Now, using the same assumptions as before, I would focus on the lower price trigger, having this newer trigger supersede the higher price trigger. As a potential trade evolves, I make constant assessments and changes in my plan. When I see a potentially better trigger come up, I frequently ‘upgrade’ to that trigger. It’s an ongoing, evolving process.

Let’s move on to another example. I want to point out, though, that I chose the last example with AMZN because it had less than ideal price action. I will choose the next two examples trying hard for them not to be too ‘well- chosen’. I’ll select them both to be a bit choppy, with the pullbacks not being the most perfect, textbook pullbacks. The last example in this chapter, with CAT, will be slightly illiquid in the chosen timeframe. I’ve done this on purpose, to reflect what a less than ‘perfect’ behaving trade may look like. I’ve attempted to do this throughout my works, but I’ve particularly focused on this with the examples in this chapter.

There is a potential trade area on the 60-minute chart on YHOO. I’ve dropped down to the 15-minute chart to look for an entry trigger. I’ll add a lot of data onto the 15-minute chart to give you some perspective for the potential trade area as YHOO approaches it, but generally I’d spread the data out a lot more and only focus on the price action on the trigger chart as it comes into the area. See figure 8.11.


Let’s move ahead one more bar and see what happens. See figure 8.12.


YHOO has penetrated the potential trade area, and I would now be willing to take an entry trigger. I will watch as the potential trade unfolds and make assessments as time goes on, trying to decide on a trigger. Let’s add two more bars and see if I can decide on a trigger. See figure 8.13.
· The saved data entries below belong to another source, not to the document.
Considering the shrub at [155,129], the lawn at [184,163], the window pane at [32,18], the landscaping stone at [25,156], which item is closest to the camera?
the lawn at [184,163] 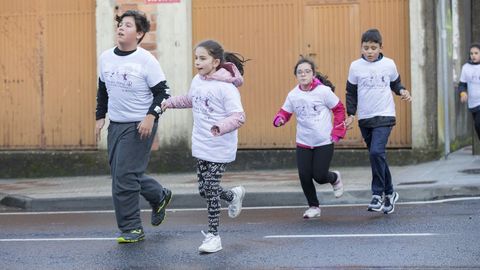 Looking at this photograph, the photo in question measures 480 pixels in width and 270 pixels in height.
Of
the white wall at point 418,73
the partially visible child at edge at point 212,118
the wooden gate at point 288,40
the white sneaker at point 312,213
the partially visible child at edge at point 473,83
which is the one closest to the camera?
the partially visible child at edge at point 212,118

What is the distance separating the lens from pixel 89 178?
14.3m

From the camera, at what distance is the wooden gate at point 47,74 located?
1479 centimetres

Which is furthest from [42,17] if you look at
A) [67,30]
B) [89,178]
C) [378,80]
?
[378,80]

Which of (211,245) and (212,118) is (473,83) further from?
(211,245)

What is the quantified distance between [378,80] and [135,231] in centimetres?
318

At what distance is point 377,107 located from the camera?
9.38 meters

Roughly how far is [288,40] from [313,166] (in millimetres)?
5333

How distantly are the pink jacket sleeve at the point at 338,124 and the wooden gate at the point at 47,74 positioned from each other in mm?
6644

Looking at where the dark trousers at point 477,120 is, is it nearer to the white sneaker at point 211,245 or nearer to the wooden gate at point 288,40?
the wooden gate at point 288,40

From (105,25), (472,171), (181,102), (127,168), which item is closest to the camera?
(181,102)

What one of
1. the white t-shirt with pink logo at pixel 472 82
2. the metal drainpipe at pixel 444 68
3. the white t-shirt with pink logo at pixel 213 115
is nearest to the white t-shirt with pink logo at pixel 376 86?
the white t-shirt with pink logo at pixel 213 115

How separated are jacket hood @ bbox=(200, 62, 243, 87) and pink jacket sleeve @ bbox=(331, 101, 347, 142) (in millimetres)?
1865

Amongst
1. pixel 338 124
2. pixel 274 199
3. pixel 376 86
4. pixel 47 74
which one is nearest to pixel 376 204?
pixel 338 124

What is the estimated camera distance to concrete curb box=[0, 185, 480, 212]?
Result: 1060 centimetres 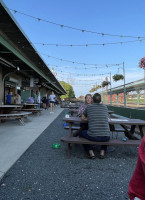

YHOO has bounced off the potential trade area, and I’m thinking that if it just rockets straight up from here, I’ll miss the trade. That’s a downside to triggers that key off of swing-points. If you don’t get any swing points, you don’t get any triggers. If YHOO just went straight up from here, would other triggers, like moving average crossovers or trendline violations, work?

Yes, these triggers could be utilized in this case, since they don’t require any swing-points to be triggered. But perhaps you’ve decided you want a trigger that is based on a swing-point violation for this trade. Then all you can do is wait for the trigger to set up, and if it doesn’t, you have to let the trade go by. I’ll add two more bars and see what YHOO is showing us. See figure 8.14.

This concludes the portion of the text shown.